Versus file · Claude Code / Codex

Claude Code vs Codex: one of them works for me at 3 AM. The other one argues with me at 9.

Claude Code vs Codex is the comparison every leaderboard thread frames as a choice. It isn't one. I run both against the same repos — Codex opened PR #4471 from a Sentry trace at 3:04 AM; Claude Code is where I reviewed and merged it before my coffee went cold. This page settles the question per job, with the bills and the failure stories attached.

The shift contract is Ch 35, the loop and fence discipline is Ch 42, the 91,874-line deletion receipt is Ch 43, the cost methodology is Ch 29 and /the-bill.

Jump to section tap to open

The 30-second answer

Claude Code and Codex aren't rivals — they're shifts. Claude Code wins long-horizon, opinionated work: features, refactors, parallel agents, CI. Codex wins tight-contract autonomy: incident response from logs, regression catching, overnight loops.

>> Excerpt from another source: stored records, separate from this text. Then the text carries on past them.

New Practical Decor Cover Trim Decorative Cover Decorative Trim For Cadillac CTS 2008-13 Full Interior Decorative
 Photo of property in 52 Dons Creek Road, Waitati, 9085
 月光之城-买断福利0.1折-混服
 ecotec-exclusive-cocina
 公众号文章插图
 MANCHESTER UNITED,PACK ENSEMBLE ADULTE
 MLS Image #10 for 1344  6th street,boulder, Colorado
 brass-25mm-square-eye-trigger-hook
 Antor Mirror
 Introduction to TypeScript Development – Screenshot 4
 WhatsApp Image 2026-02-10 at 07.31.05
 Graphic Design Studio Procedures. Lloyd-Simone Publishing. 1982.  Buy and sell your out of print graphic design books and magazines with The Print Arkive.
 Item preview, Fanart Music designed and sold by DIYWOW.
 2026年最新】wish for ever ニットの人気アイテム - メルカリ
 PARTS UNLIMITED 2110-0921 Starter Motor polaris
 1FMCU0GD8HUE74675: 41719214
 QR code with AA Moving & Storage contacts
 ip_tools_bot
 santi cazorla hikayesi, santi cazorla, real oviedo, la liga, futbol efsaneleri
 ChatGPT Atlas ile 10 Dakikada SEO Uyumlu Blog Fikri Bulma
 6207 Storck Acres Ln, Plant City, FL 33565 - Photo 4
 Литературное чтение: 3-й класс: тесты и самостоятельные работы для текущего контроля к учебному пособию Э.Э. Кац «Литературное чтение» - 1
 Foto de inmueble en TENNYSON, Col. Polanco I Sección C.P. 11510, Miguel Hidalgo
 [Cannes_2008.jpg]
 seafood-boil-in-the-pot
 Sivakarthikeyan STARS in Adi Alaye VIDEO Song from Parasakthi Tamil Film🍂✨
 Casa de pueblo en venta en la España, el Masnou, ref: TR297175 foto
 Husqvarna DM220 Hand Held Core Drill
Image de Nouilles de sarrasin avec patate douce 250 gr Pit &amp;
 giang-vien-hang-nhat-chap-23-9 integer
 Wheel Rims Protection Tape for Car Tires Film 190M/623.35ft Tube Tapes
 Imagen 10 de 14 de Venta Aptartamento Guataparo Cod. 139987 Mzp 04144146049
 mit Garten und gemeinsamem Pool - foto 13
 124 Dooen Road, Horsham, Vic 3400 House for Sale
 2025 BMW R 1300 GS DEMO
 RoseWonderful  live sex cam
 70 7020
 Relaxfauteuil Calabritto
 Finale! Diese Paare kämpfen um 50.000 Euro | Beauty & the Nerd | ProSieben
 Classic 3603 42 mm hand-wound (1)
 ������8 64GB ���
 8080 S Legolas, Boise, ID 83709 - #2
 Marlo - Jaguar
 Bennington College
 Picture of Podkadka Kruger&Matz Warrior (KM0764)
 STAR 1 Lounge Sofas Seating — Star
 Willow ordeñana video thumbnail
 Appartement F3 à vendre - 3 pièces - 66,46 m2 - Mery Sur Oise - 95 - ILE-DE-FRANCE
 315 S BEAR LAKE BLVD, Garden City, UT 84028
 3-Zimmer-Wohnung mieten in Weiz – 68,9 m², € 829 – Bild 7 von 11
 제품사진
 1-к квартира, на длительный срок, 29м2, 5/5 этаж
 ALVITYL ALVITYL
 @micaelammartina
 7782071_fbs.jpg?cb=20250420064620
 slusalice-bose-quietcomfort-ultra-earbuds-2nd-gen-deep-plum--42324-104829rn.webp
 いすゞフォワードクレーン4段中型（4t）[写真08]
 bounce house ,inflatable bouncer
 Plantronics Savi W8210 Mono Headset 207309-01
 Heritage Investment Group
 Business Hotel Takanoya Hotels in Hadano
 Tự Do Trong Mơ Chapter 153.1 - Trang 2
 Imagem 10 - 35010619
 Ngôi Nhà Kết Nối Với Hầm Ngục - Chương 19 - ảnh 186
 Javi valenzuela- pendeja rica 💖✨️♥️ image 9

Operator Vlad Podoliako runs both on the same repos — Claude Code drives the day, Codex works the night, and a human merge gate sits between them.

The standing verdict, in the words of Ch 35: "Stop thinking of Codex and Claude Code as competing models. They're not. They're shifts." Everything below is that sentence with receipts.

What's actually different between them?

Not the model quality — both vendors shipped frontier models within a day of each other in June 2026, and the gap moves monthly. The durable differences are contract-shaped. Five of them decide every row in the verdict table below.

Dimension	Claude Code	Codex
Where it lives	Your terminal, on your machine — the repo is local and so is the session	A cloud sandbox plus a CLI — boots on a signal, reads the repo's `.mcp.json`, works alone
Interaction model	Argue, then run — it pushes back on the brief before executing it	Delegate and wait — signal in, PR out, one Slack line, back to watching
Contract tolerance	Handles fuzzy — "make this better" with a repo and a CLAUDE.md is a workable brief	Tight only — "given this trace, produce this diff." Fuzzy contracts produce nine-file PRs
Autonomy shape	Swarms, subagents, hooks, headless runs you launch deliberately	Standing loops on signals — Sentry, PostHog, BetterStack crons, a worktree per fix
Review surface	A PR at the end of the run	A PR at the end of the run — this row is the same on purpose; the human merge is the gate in both

If your real question is harness-vs-IDE — where you want to review work, not who does which job — that's a different comparison and it has its own page: Claude Code vs Cursor. This page assumes you've already chosen the terminal and you're staffing it.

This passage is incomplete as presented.